Karena sumber penetapan hari jadi seperti itu sama artinya mengakui keberadaan Pemerintahan Hindia
Belanda. Padahal di Kabupaten Jember, sebelumnya juga pernah berdiri sebuah kerajaan, yaitu Sadeng.

***********

Tanggal 1 Januari 2009, Pemerintah Kabupaten Jember, memasuki usianya yang ke 81. Suatu usia yang
bagi sebuah kota atau daerah, sebenarnya terbilang masih sangat muda, bila dibanding daerah lain yang
sudah mencapai ratusan tahun.

Mudanya usia Kabupaten Jember ini memang tidak bisa dihindari. Karena dari catatan yang ada,
Pemerintah Kabupaten Jember, resmi ada sejak tanggal 1 Januari 1929. Sebelum itu, Jember masih
berstatus sebagai daerah Kepatihan atau bawahan dari Karesidenan Besuki, yang berkedudukan di
Bondowoso.

Bersama Bondowoso, saat itu Jember dipimpin oleh seorang Patih, yang bertanggung jawab kepada
Resident Belanda, di Bondowoso. Patih pertama untuk Jember ketika itu, Raden Ngabehi Astro Dikoro.
Ia menjabat sebagai patih di Jember dari tahun 1805-1908.

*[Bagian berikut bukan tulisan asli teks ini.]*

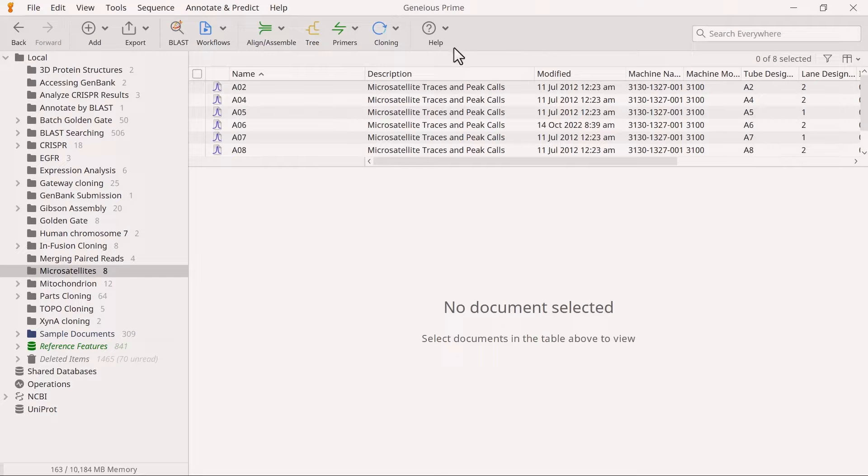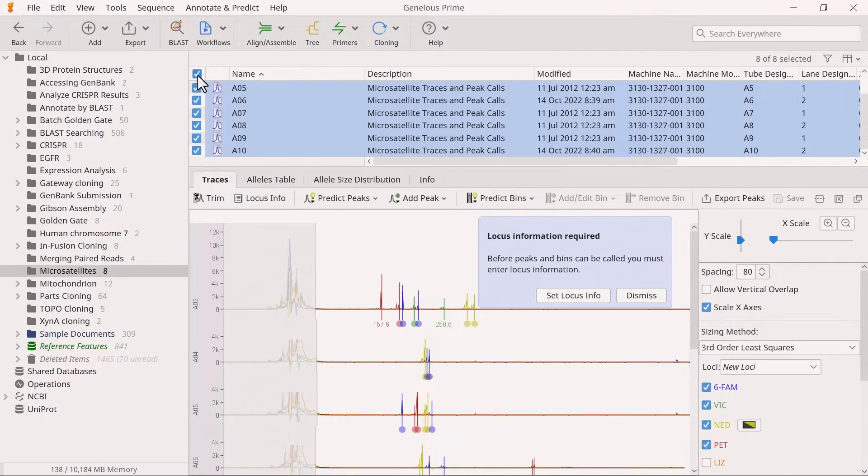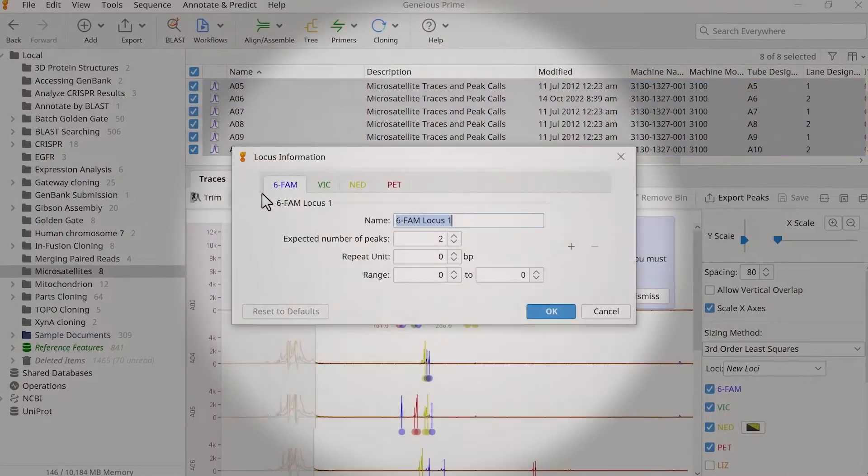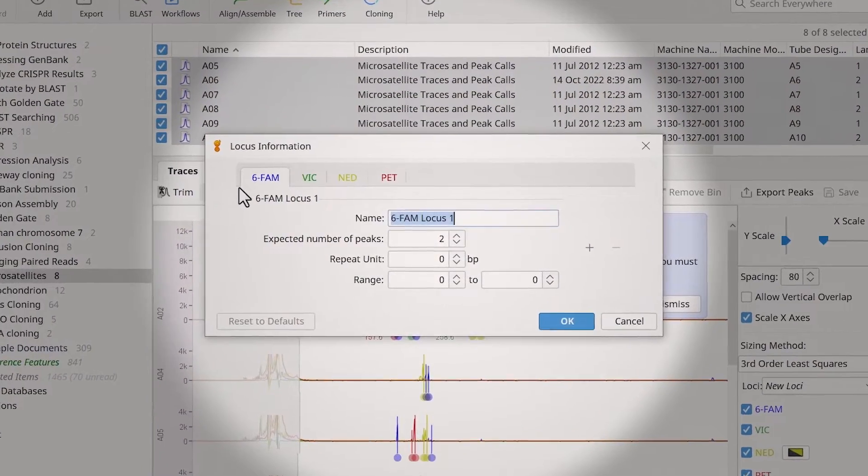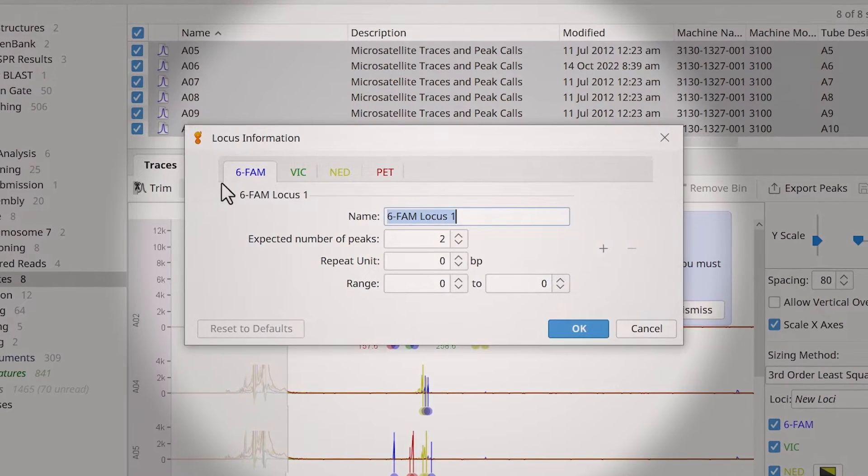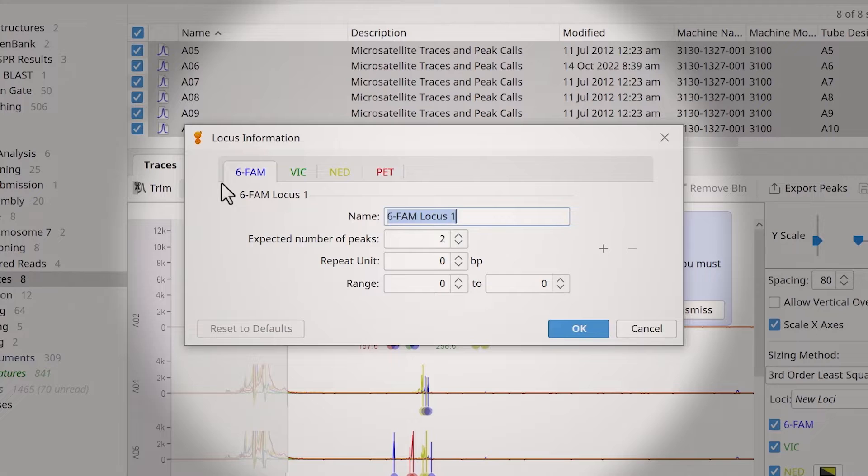To do this, select all the sequence traces and choose the locus info button. In the locus information window, you can adjust the dye settings individually. These include defining the number of peaks, repeat units, and range for each loci.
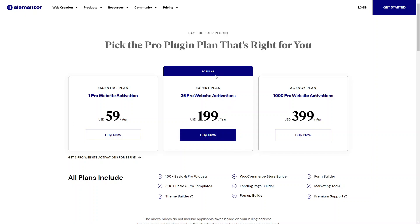Then you've got the expert plan, which is the most popular. If you have a few websites and want to use Elementor to build all of them, then the 25 Pro website activations might be good for you. If you have more than four websites, this plan becomes more appropriate because it gets more expensive buying individual one-website plans. You get 25 websites for $199 USD a year.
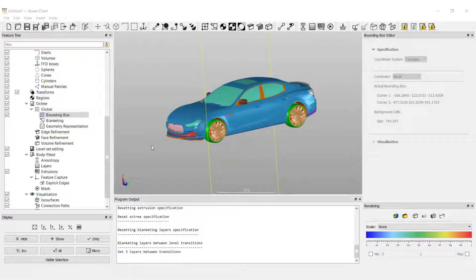Welcome to this Boxer tutorial. In this example I'm going to show how you can use a polyline for surface mesh refinement. This tool is particularly useful if you have a complex region you wish to quickly select for refinement.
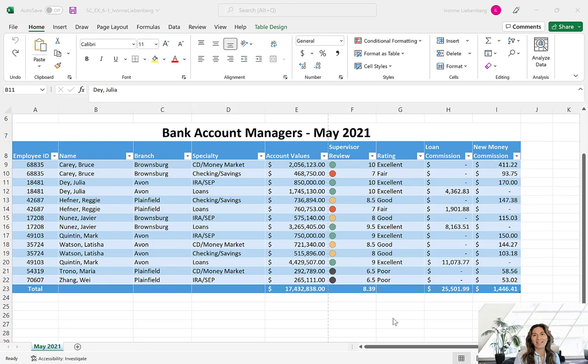Hello everyone, this is Finance 101, Excel in Excel. We are in module number six and in this video tutorial we're going to be going over the second part of our textbook project. We created a table in the first part of this video. Let's now see how we can print this table.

Jember baru resmi dinyatakan sebagai regenscap/kabupaten, setelah Pemerintah Hindia Belanda,
mengeluarkan Staatsblad nomor 322 tanggal 9 Agustus 1928, dan ditertibkan secara resmi oleh De
Aglemeene Secretaris (Sekretaris Umum Pemerintah Hindia Belanda), G.R Erdbrink, pada tanggal 21
Agustus 1928.
Dalam staatsblad tersebut dijelaskan, bahwa Pemerintah Hindia Belanda telah mengeluarkan ketentuan
tentang penataan kembali pemerintahan desentralisasi di wilayah Propinsi Jawa Timur. Ini antara lain
menunjuk Regenschap Djember sebagai masyarakat kesatuan hukum yang berdiri sendiri.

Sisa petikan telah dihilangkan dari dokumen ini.